__Exercise instructions__.
The whole listing below must be printed again exactly, images excluded.

__Provided material__.

[Start of Attachment]

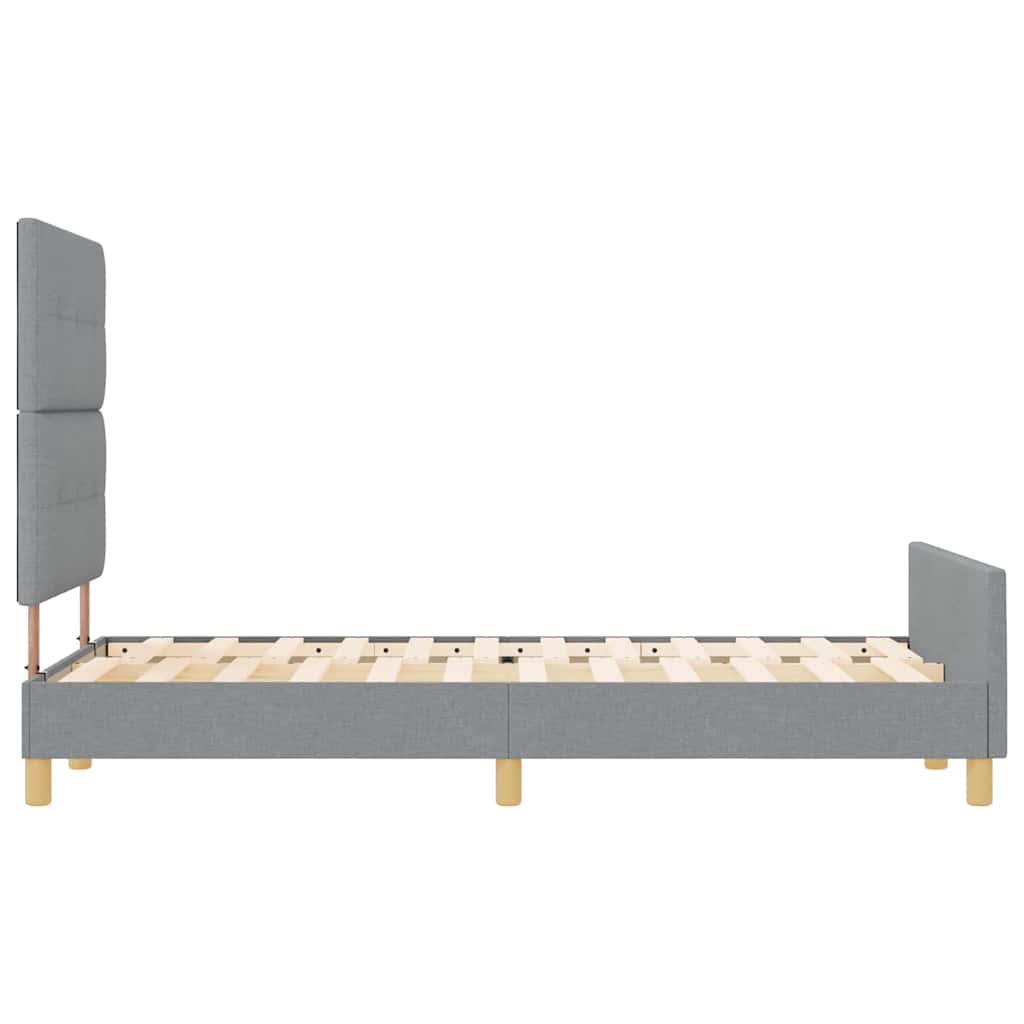 vidaXL Ramka łóżka Z zagłówkiem Jasnoszary 120 x 200 cm tkanina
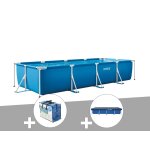 Kit piscine tubulaire rectangulaire 4, 50 x 2, 20 x 0, 84 m + b�che de protection + b�che � bulles - ...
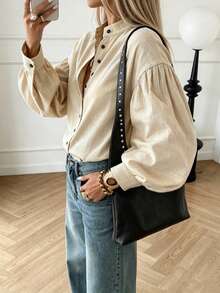 YI XUAN Plus Size Women's Linen Fabric Long Sleeve Shirt, Stand Collar Shirt, Women's Casual Shirt, School Uniform Shirt, Elegant Women's Shirt - Apricot - View 9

[End of Attachment]

__Answer section__.
 vidaXL Ramka łóżka Z zagłówkiem Jasnoszary 120 x 200 cm tkanina
 Kit piscine tubulaire rectangulaire 4, 50 x 2, 20 x 0, 84 m + b�che de protection + b�che � bulles - ...
 YI XUAN Plus Size Women's Linen Fabric Long Sleeve Shirt, Stand Collar Shirt, Women's Casual Shirt, School Uniform Shirt, Elegant Women's Shirt - Apricot - View 9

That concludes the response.